Which strategy best illustrates an author using description to help readers deduce the meaning of an unfamiliar word?

Explanation:
Using context clues by surrounding a word with descriptive details helps readers infer its meaning. When the author paints a vivid picture around a term—the way it looks, feels, sounds, or the imagery tied to it—the surrounding details point toward a sense of the word without stopping to define it. That descriptive context trains readers to read between the lines and build meaning from imagery and how things are portrayed in the scene. For example, if a passage describes a place as dim, damp, and shadowed, with a chill that needles the skin, you can infer the mood or quality the author is hinting at without a dictionary entry. The other strategies don’t support this inferencing in the same way: giving a definition in parentheses tells you the meaning outright rather than letting you deduce it from clues; introducing a contrasting idea before the concept may highlight differences but doesn’t provide clues about the word’s meaning; and an unrelated anecdote offers no helpful hints about the word. The descriptive clues around the term are what best enable deduction.

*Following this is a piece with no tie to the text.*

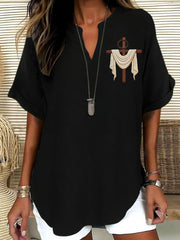 Women's Christian Cross Print Casual Solid-Color V-Neck Short-Sleeve Shirt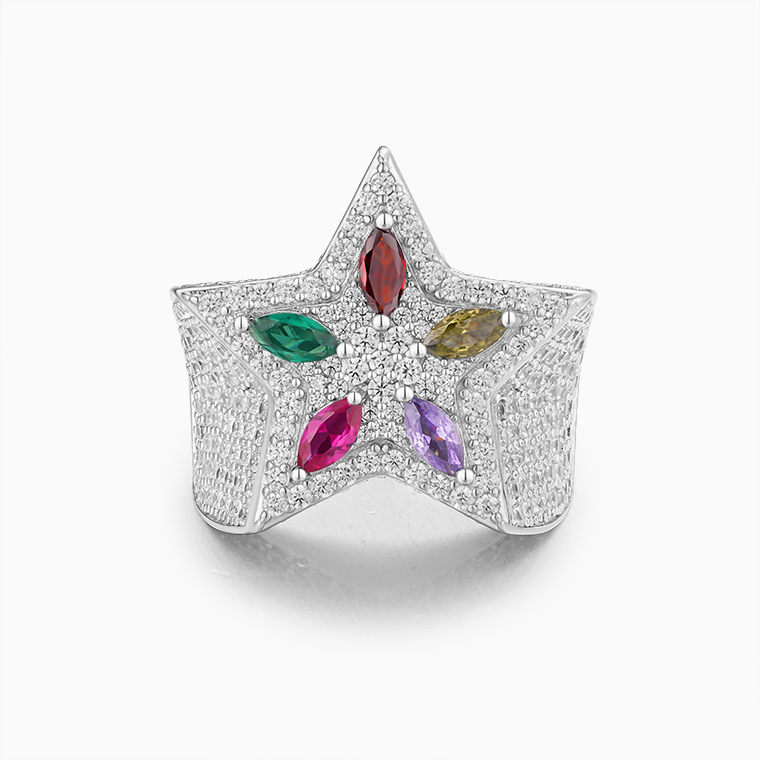 Shining Star Jewelry Men's Colored Zircon White vvs Moissanite Star Ring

Using context clues by surrounding a word with descriptive details helps readers infer its meaning. When the author paints a vivid picture around a term—the way it looks, feels, sounds, or the imagery tied to it—the surrounding details point toward a sense of the word without stopping to define it. That descriptive context trains readers to read between the lines and build meaning from imagery and how things are portrayed in the scene. For example, if a passage describes a place as dim, damp, and shadowed, with a chill that needles the skin, you can infer the mood or quality the author is hinting at without a dictionary entry. The other strategies don’t support this inferencing in the same way: giving a definition in parentheses tells you the meaning outright rather than letting you deduce it from clues; introducing a contrasting idea before the concept may highlight differences but doesn’t provide clues about the word’s meaning; and an unrelated anecdote offers no helpful hints about the word. The descriptive clues around the term are what best enable deduction.